Data listing ->
========

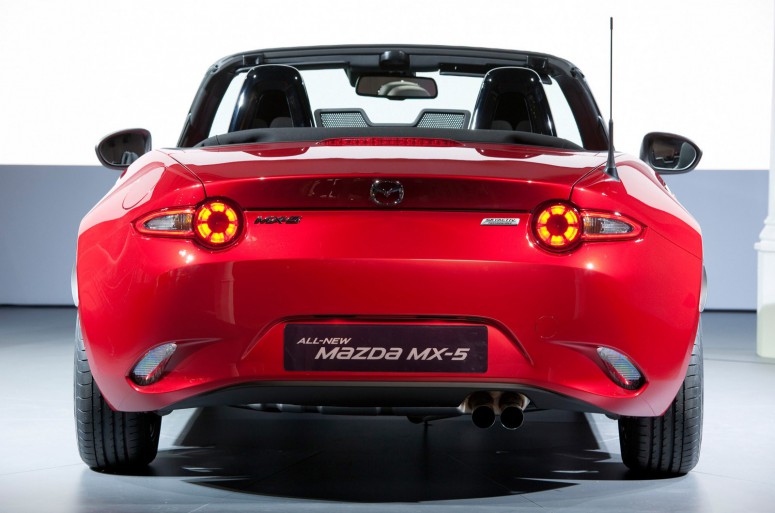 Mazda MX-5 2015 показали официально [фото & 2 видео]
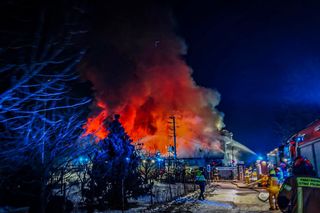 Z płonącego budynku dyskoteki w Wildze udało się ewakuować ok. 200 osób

========

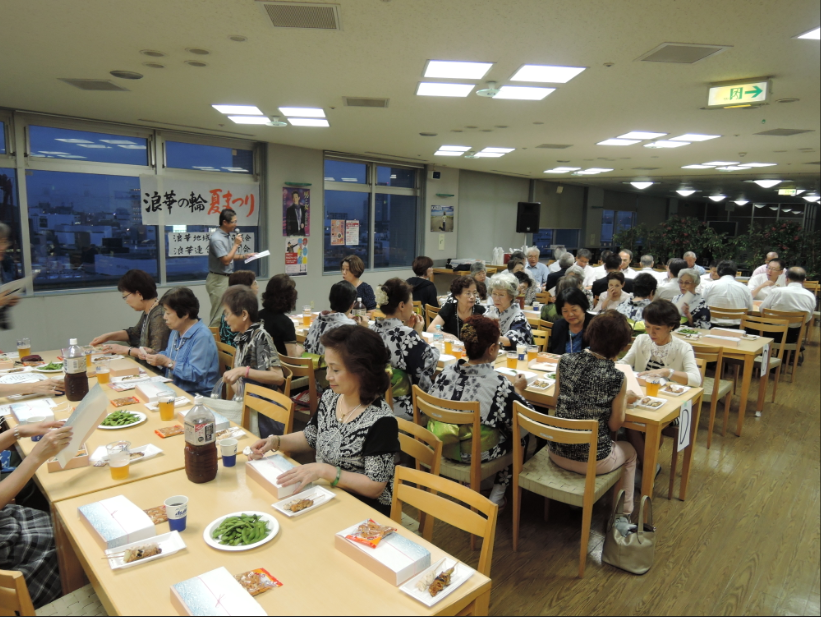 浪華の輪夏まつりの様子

========

Activity -> Would you please reproduce the entries above, starting at the line with "Mazda MX-5 2015" and stopping after the line with "Z płonącego budynku"? Omit any pictures.

Exercise answer ->
 Mazda MX-5 2015 показали официально [фото & 2 видео]
 Z płonącego budynku dyskoteki w Wildze udało się ewakuować ok. 200 osób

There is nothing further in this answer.